Says Trish Phelan, a nail technician at Panaché (Mt. Laurel, N.J.), “The finer the grind is, the smoother it will go on and the less filing will be needed. It’s like making gravy, you don’t want to use a lumpy flour, but a finely sifted one.”
Sometimes a manufacturer will put the powders through the mesh a few times and these are called double-sifted or triple-sifted powders. How many times you need to sift the powder depends on its initial quality, says Schoon.
“Triple-sifting ensures that no undissolved particles or grains are left behind,” says April Cook, national education/sales director for Amoresse Laboratories (Riverside, Calif.).
Fine-ground powders that have been sifted more than once allow technicians to apply thinner nails. Says Billy Wooldridge, educator for Alpha 9 (Van Nuys, Calif.) “Product goes on more smoothly because it’s finely ground, so less filing is needed. It used to be that the thicker the nail, the stronger it was.

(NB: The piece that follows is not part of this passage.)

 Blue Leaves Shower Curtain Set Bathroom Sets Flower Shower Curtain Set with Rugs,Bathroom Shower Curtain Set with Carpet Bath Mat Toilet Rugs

But with triple-sifting, you get a thinner nail with more flexibility.”
Flexibility in a nail is important. “The benefits of a softer-core acrylic powder is clear when a client bangs her nail. Instead of cracking or shattering, the nail will remain flexible and will move or bend, while still retaining its strength and durability,” says Pat VanStrander, educator for OPI Products (N. Hollywood, Calif.).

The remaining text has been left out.